一方で外国語大学の雄、東京外大は、和訳問題や和文英訳はここ数年出題していません。日本語で記述する問題は、すべて字数指定の説明問題か要約問題です。日本語を記述する問題の割合が、70点分(300点中)と他大学にくらべて低いのも特徴です。
さらに、試験時間が充実している分、読むべき(聞くべき)英語の量は、多いです。特に、大問1の長文問題は、3~4ページほどの長さで、大学入試の長文としては最長のレベルになります。問題自体の難易度は、他の難関国公立大学と比べてもそれほど差はないのですが、読むべき量は群を抜いています。
一方で、解答に書くべき日本語の記述量はそれほど多くありません。日本語で解答する問題の合計字数は、2018年版で、350字でした。原稿用紙1枚いかないぐらいでうす。
阪大や京大のように、長めの下線部訳が主体の大学では、もっと記述量が多くなりがちなので、それにくらべたら、150分という試験時間を考えると、日本語を書く量は少ないと言えるでしょう。そのぶん、英語の記述量は圧倒的に多いです。
読解問題は、最初の大問以外は、記号か英語1語程度で答える問題が主です。ほとんど記述の要素はありません。
半分はリスニング
東京外大の入試を特異にしている点として、リスニングの配点の高さと、リスニングとライティングの融合問題が出題されるという点があります。
リスニングは配点の半分である150点分です。大学入試の2次試験としては、他にない配点の高さです。
多くの大学では配点は公表されていませんが、リスニングを実施している大学の、リスニングの配点はせいぜい2~3割程度だと思われます。
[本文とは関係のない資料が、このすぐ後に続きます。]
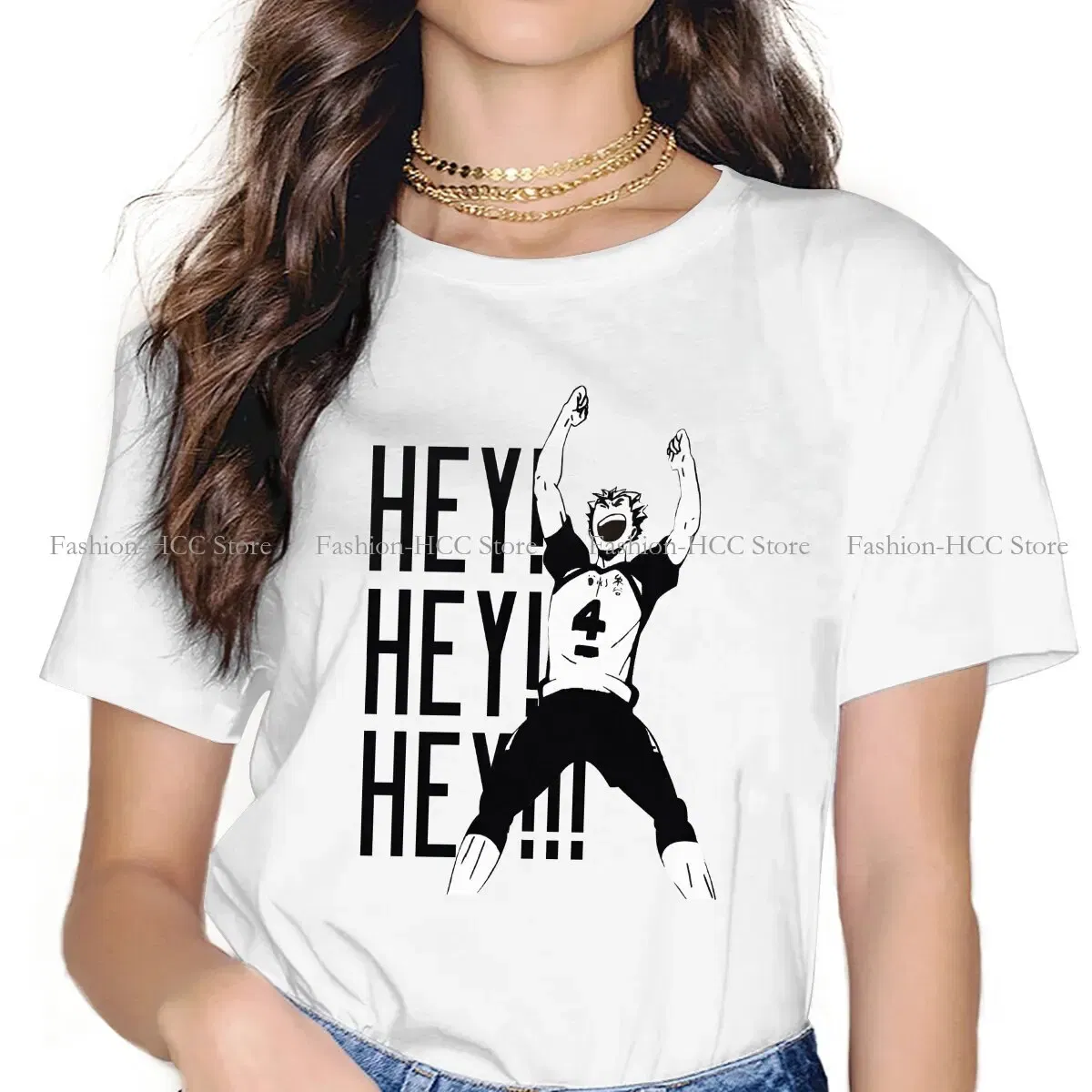 Color: WHITE, Size: S - Haikyuu Cartoon Anime Polyester TShirts Bokuto Kotaro Hey Hey Hey Print Men's T Shirt New Trend Clothing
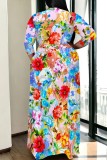 Blue Casual Floral Print Belted V Neck Long Plus Size Dresses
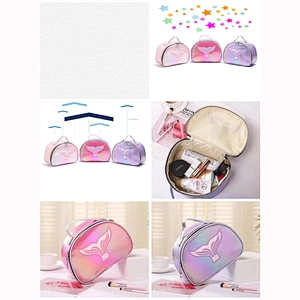 2020 Custom Logo Personality Waterproof Flash Mermaid Laser PU Holographic Portable Cosmetic Bag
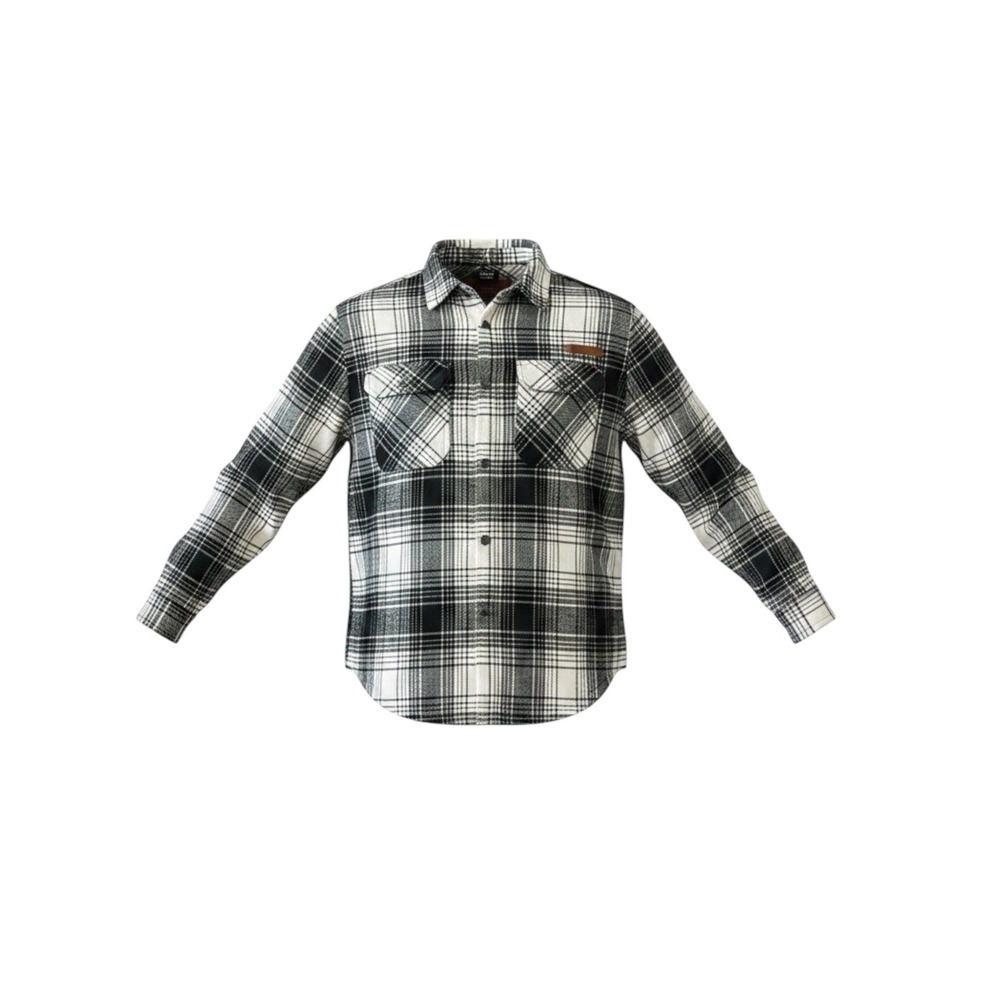 Home Free Mens Black White Plaid Snap Front Flannel Shirt Jacket S Carolina M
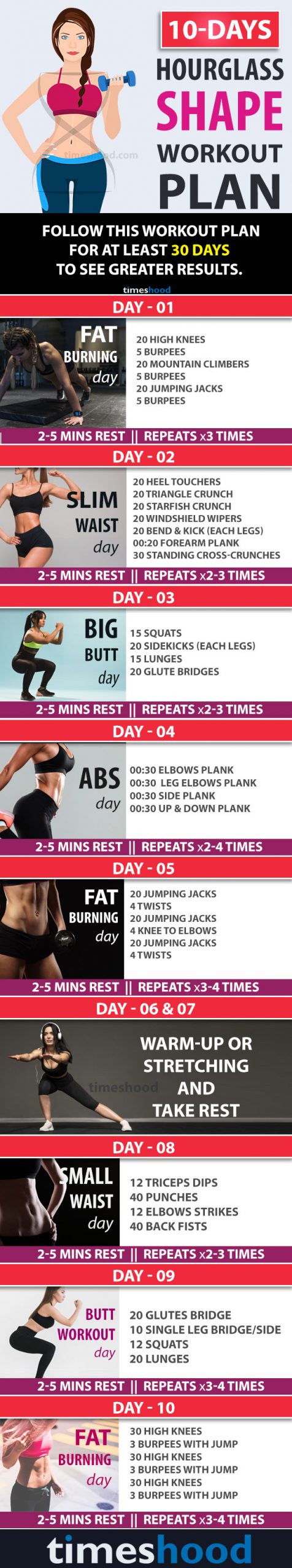 How to get an hourglass shape? 10 days workouts plan for an hourglass figures. Total body workouts for women.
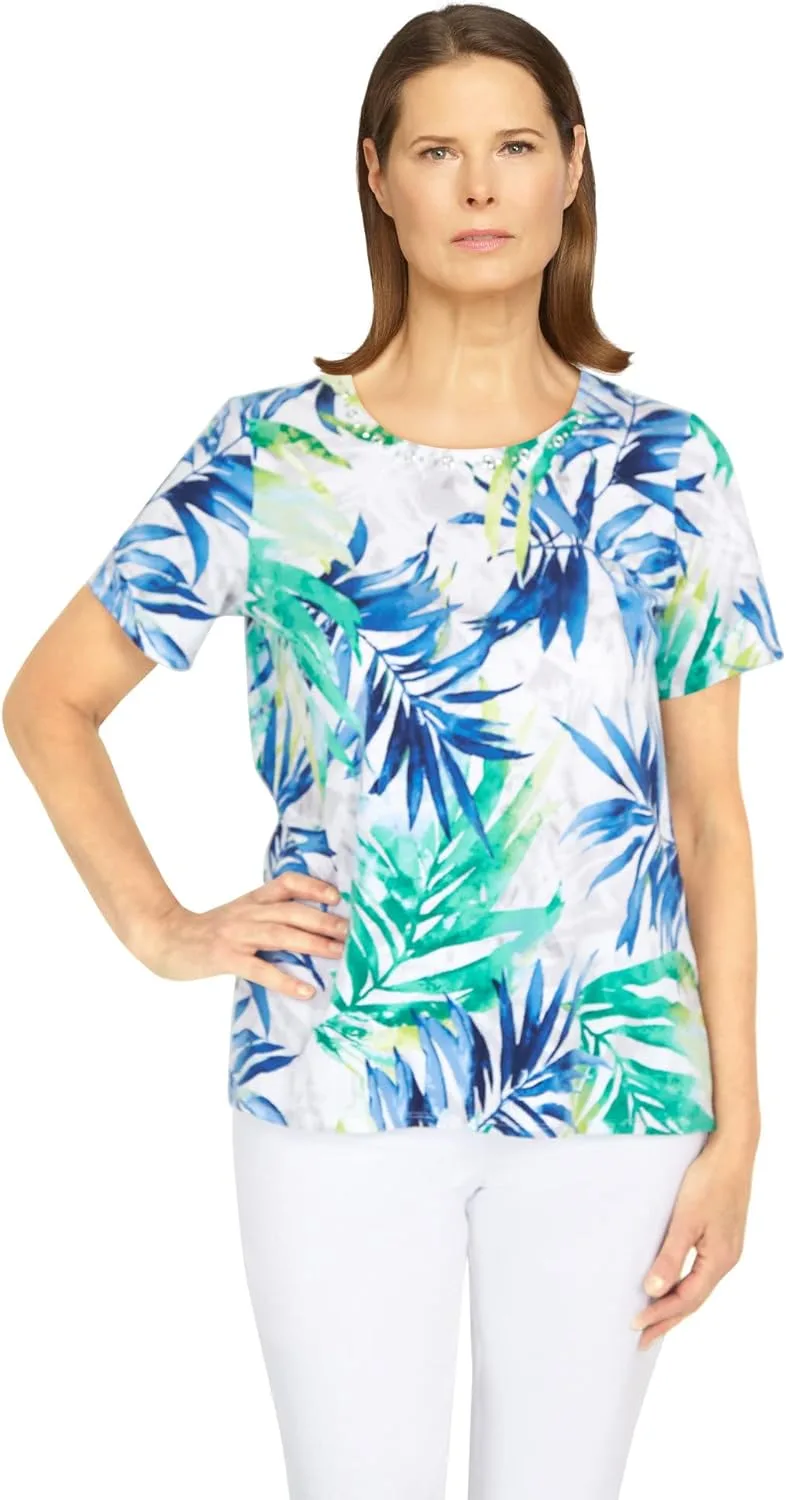 Alfred Dunner Женский топ с коротким рукавом и пальмовым принтом
Alfred Dunner Женский топ с коротким рукавом и пальмовым принтом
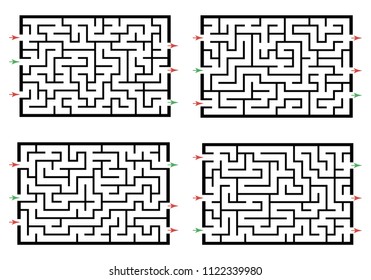 Set of labyrinths, mazes conundrums for kids. Baby puzzles with entry and exit. Children riddle games.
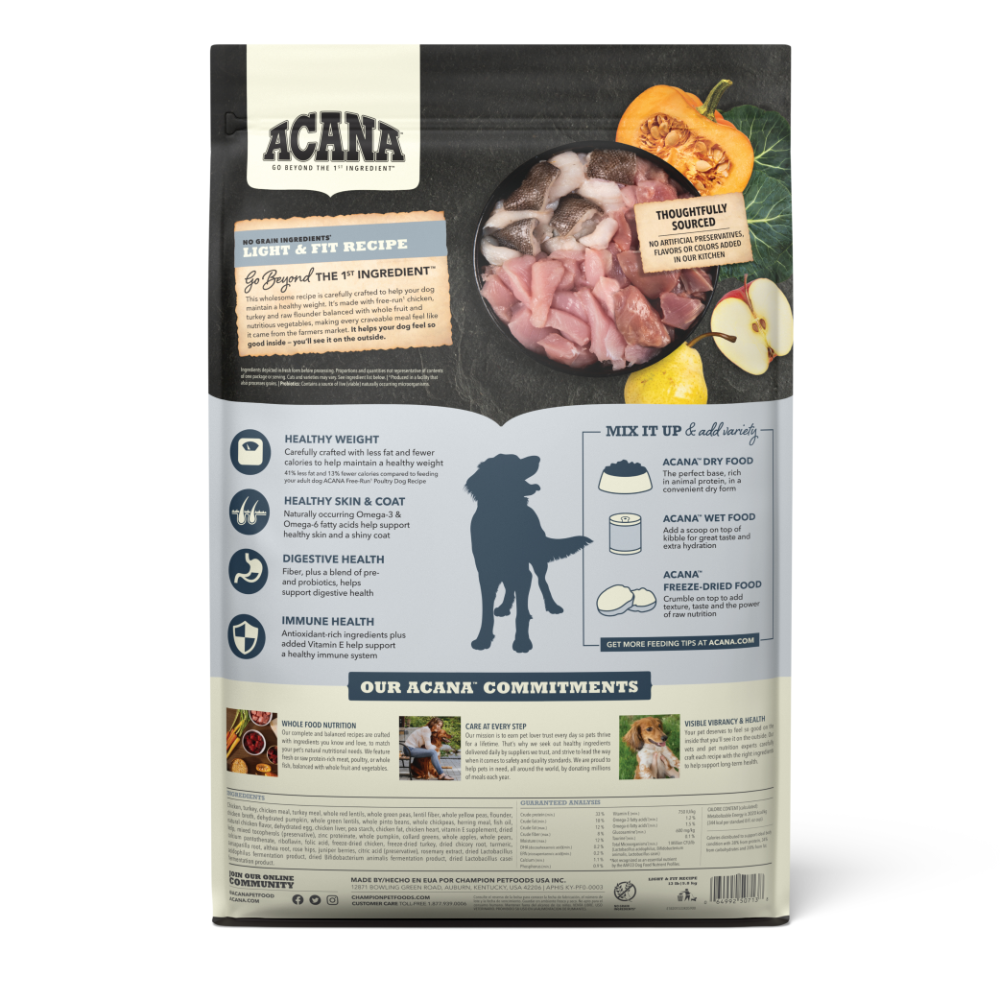 ACANA | Alimento seco para perros adultos Light & Fit Recipe — imagen 4 — CACLF1B201532K02000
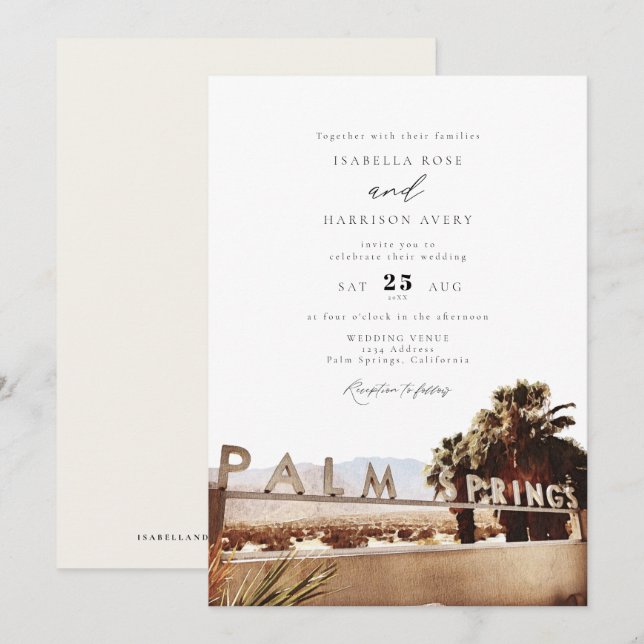 Watercolor Palm Springs California Sign Wedding Invitation (Front/Back)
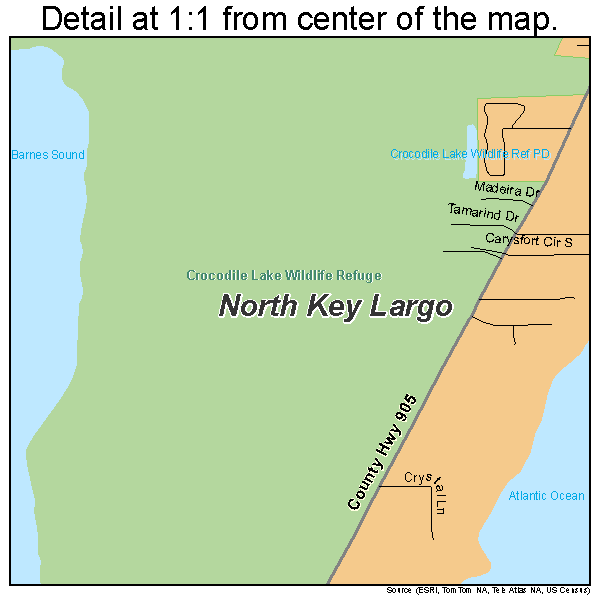 North Key Largo, Florida road map detail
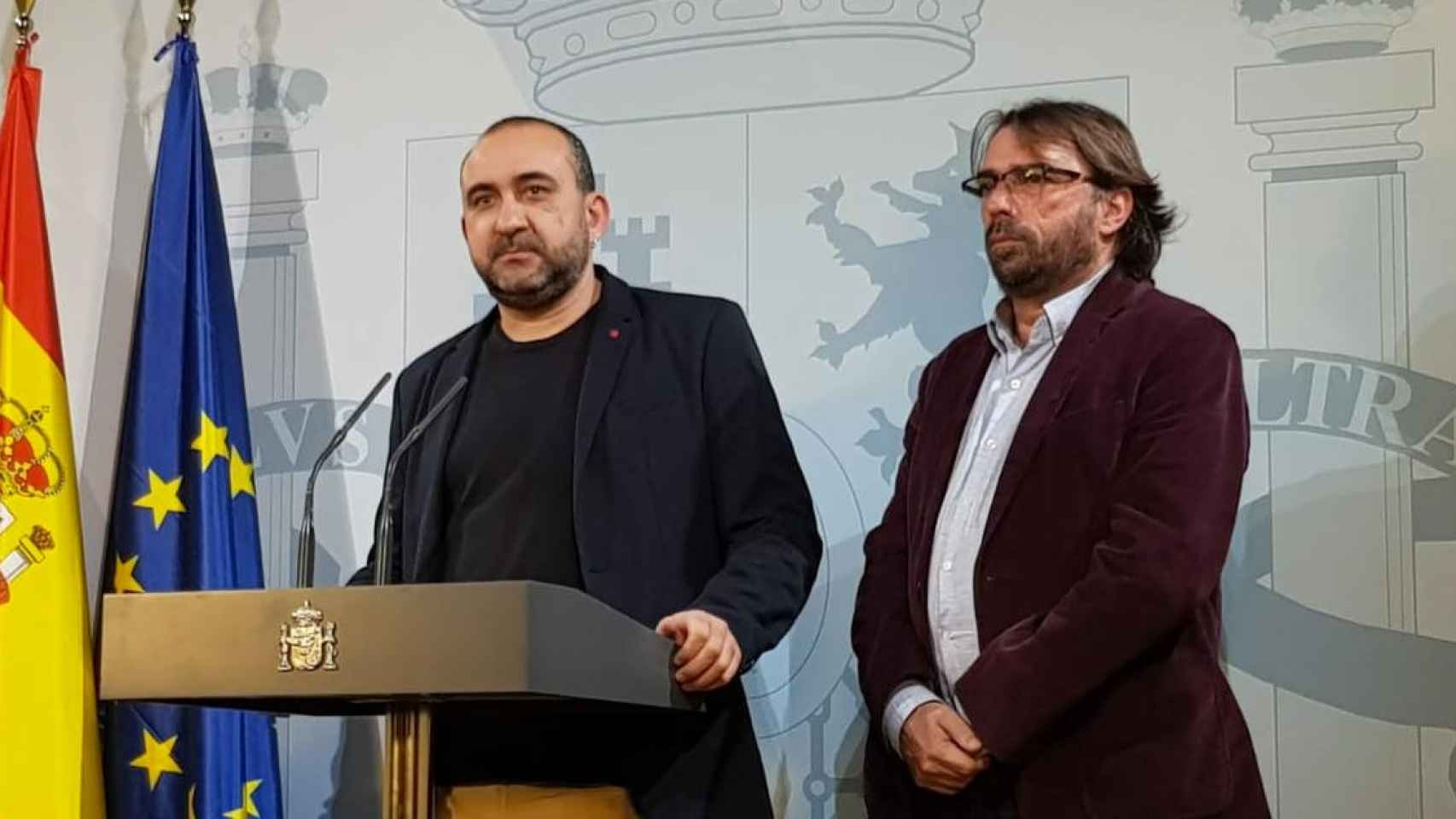 Los secretarios generales de los principales sindicatos, Javier Pacheco, secretario general de CCOO en Cataluña (i.) y Camil Ros, su homólogo en UGT (d) / CG
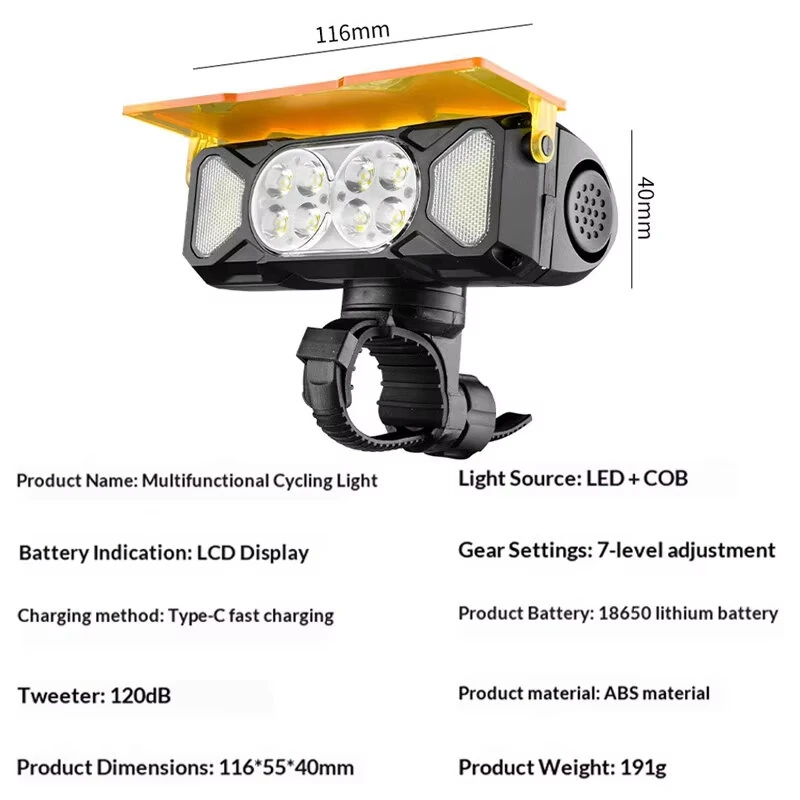BIKIGHT 120dB Horn Cycling Headlight with Dust Cover Tweeter Type-C Charging 7 Modes Bike Front Light for MTB Night Riding Safety — view 6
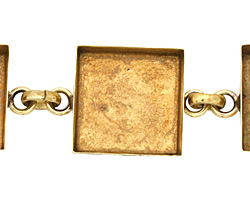Brass Square Bezel Link Bracelet 19mm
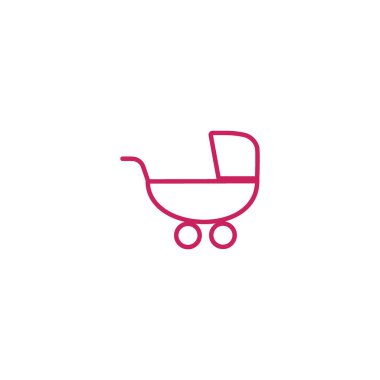 Çocuk arabası düz stil ikonu, vektör çizim  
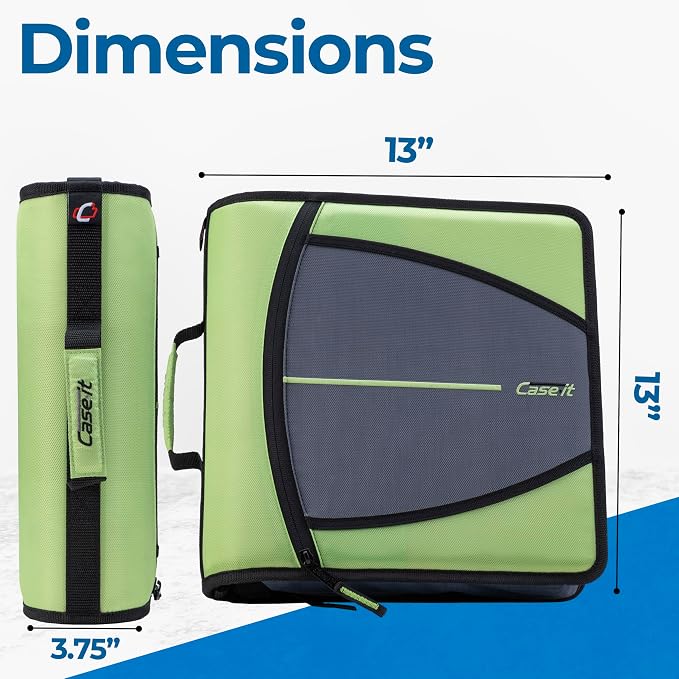 Case-it Mighty Zip Tab School Zipper Binder | 3-Inch O-Rings, 600-Sheet Capacity - Image 5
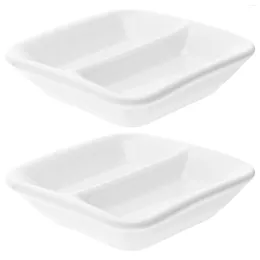 Plates 2 Pcs 3 Inch Pure White Ceramic Appetiser Serving Tray 2-Compartment Sauce Dishes Divided Snack For Spice Dish Dinner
大問が4~5あって、そのうち1つがリスニングというスタイルが主です(東大、阪大外国語学部、一橋大など)。
そもそもリスニングがない入試のほうがどちらかというと一般的です(京大《総合人間学部を除く》、北海道大、東北大、名古屋大、九州大など)。
そう考えると、東京外大がいかにリスニングを重視しているかが分かります。
リスニング試験の内容は、分量は多いですが、それほど難しいものではありません。めちゃくちゃ読むスピードが速いなんてことはありませんし、むしろ、英語を聞き取る訓練を積んでいる人からしたら、十分聞き取りやすいスピードで読んでくれている印象です。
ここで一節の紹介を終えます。